My understanding of the incorporation of XML DSig into ODF 1.2 working drafts, so far, is that no transformations have been specified for accomplishing this in a standard way with ODF packages.

I agree that it is not enough to sign untransformed canonicalizations of the XML Documents that are the parts of an ODF package, even with any extensions eliminated as part of that procedure. For example, it is not the formulas of a spreadsheet that would normally be signed, it is the presented values that are signed.

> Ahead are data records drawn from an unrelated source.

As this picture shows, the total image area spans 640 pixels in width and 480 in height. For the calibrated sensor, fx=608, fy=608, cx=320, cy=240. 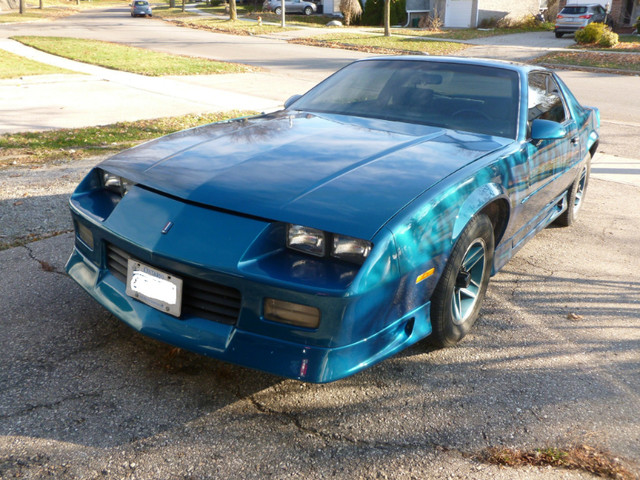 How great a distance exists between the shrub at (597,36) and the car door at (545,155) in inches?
948

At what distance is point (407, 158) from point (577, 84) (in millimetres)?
15009

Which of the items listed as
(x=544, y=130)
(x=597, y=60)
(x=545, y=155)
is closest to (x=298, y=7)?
(x=597, y=60)

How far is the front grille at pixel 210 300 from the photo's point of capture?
8.20 ft

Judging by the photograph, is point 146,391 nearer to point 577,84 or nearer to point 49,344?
point 49,344

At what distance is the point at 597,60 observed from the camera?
2114 cm

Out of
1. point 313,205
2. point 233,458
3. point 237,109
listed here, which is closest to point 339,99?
point 313,205

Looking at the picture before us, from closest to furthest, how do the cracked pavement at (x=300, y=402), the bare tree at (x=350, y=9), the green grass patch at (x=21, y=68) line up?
the cracked pavement at (x=300, y=402)
the green grass patch at (x=21, y=68)
the bare tree at (x=350, y=9)

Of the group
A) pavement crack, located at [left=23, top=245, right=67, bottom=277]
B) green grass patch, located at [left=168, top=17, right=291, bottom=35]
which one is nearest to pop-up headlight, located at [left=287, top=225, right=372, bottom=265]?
pavement crack, located at [left=23, top=245, right=67, bottom=277]

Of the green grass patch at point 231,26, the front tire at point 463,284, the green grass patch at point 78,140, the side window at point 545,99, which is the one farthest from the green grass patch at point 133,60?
the front tire at point 463,284

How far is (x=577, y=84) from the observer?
637 inches

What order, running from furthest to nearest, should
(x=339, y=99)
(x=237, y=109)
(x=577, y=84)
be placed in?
(x=577, y=84)
(x=237, y=109)
(x=339, y=99)

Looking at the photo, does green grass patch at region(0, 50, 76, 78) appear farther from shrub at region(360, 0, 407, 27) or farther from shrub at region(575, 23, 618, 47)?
shrub at region(360, 0, 407, 27)

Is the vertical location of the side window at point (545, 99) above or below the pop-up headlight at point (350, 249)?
above

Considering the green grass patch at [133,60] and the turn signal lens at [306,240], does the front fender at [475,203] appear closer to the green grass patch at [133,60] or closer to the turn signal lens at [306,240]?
the turn signal lens at [306,240]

It should be clear that the application of XML Digital Signatures with respect to conventional office documents is quite challenging, involving substantial future work to be addressed satisfactorily in the specification and especially in implementations. The implementation on which the draft ODF 1.2 provisions appear to be based has not dealt with WYSIWYS at all, as well as I can tell.

As an extreme example, if the program has code that says if(user==”Rob Weir) then fee=fee*1.25 then we have a problem, right? We would sign the same document but actually not be agreeing to the same terms. So my question is what are the necessary properties of a file format standard that would ensure that this problem cannot occur. Certainly ASCII text documents or even a bitmap format would be safe. But is it possible to make strong assurances with more complicated formats? I think it can be done, and I’m outlining what I think the requirements are.

The semantics developed for this, through a pre-xml markup language called FSML, supported the necessary semantics for check payments, but in addition supported a flexible structure which allowed for the removal of document parts while maintaining the integrity of the signatures of other parts of the documents.

Some of the signature mechanisms eventually were used as input into the XML Digital Signature work, but I don’t think they survived intact.

If you are interested in more information on this, let me know. The effort was quite extensive.